I am speaking of the simplest of problems, you know; I am not speaking of deciding the fate of the world or humanity, or even of a country―nothing of the kind. I am speaking of the problems of your daily life, of every day. They become something quite woolly. Well, it is to avoid this that you are told, when your brain is in course of being formed, “Instead of letting it be shaped by such habits and qualities, try to give it a little exactitude, precision, capacity of concentration, of choosing, deciding, putting things in order, try to use your reason.” [6]


The aim in the training is to develop this power of concentrating the attention at will on whatever subject or activity one chooses from the most spiritual to the most material, without losing anything of the fullness of the power,—for instance, in the physical field, transferring the use of the power from one game to another or one activity to another so as to succeed equally in all.

This extreme attention concentrated on a game or a physical activity like lifting, vaulting, punching, running, etc., focusing all energies on any of these movements which bring about in the body, the thrill of an exhilarating joy is the thing which carries with it perfection in execution and success. [7]

To Save Time

When you work, if you are able to concentrate, you can do absolutely in ten minutes what would otherwise take you one hour. If you want to gain time, learn to concentrate. It is through attention that one can do things quickly and one does them much better. If you have a task that should take you half an hour—I don't say if you have to write for half an hour of course—but if you have to think and your mind is floating about, if you are thinking not only of what you are doing but also of what you have done and of what you will have to do and of your other subjects, all that makes you lose thrice as much time as you need to do your task. When you have too much to do, you must learn how to concentrate exclusively on what you are doing, with an intensity in your attention, and you can do in ten minutes what would otherwise take you one hour. [8]


If you do that you can gain half the time, even from a very short time. Take a very ordinary example: to have your bath and to dress; the time needed varies with people, doesn't it? But let us say, half an hour is required for doing everything without losing time and without hurrying. Then, if you are in a hurry, one of two things happens: you don't wash so well or you dress badly!

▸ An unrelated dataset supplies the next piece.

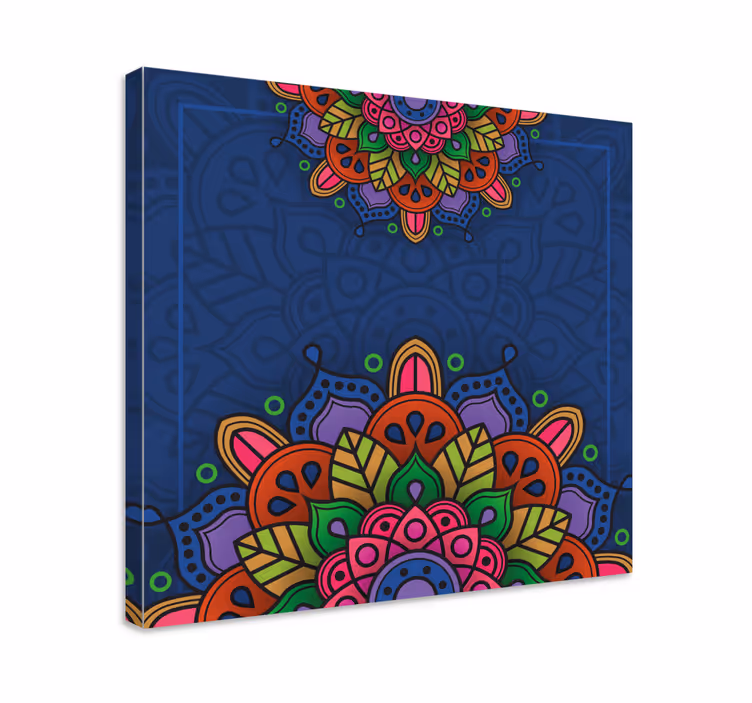 Tablou mandala model de mandala complicat - TenStickers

But there is another way—to concentrate one’s attention and one’s energy, think only of what one is doing and not of anything else, not to make a movement too much, to make the exact movement in the most exact way, and (it is an experience lived, I can speak of it with certitude) you can do in fifteen minutes what you were formerly doing in half an hour, and do it as well, at times even better, without forgetting anything, without leaving out anything, simply by the intensity of the concentration. [9]

To Avoid Accidents

I believe almost everybody is psychologically aware of one thing: that accidents occur when one has a sort of uncomfortable feeling, when one is not fully conscious and self-possessed, when one feels uneasy. In any case, generally, people have a feeling that they are not fully themselves, not fully aware of what they are doing. If one were fully conscious, the consciousness wide awake, accidents would not occur; one would make just the right gesture, the necessary movement to avoid the accident. Hence, in an almost absolute way, it is a flagging of consciousness. Or quite possibly it may be that the consciousness is fixed in a higher domain; for example, not to speak of spiritual things, a man who is busy solving a mental problem and is very concentrated upon his mental problem, becomes inattentive to physical things, and if he happens to be in a street or in a crowd, his attention fixed upon his problem, he will not make the movement necessary to avoid the accident, and the accident will occur. It is the same for sports, for games; you can observe this easily, there is always a flagging of the consciousness when accidents occur, or a lack of attention, a little absent-mindedness; suddenly one thinks of something else, the attention is drawn elsewhere—one is not fully conscious of what one is doing and the accident happens. [10]

To Achieve Success

It is said that the faculty of concentrated attention is at the source of all successful activity. Indeed the capacity and value of a man can be measured by his capacity of concentrated attention. [11]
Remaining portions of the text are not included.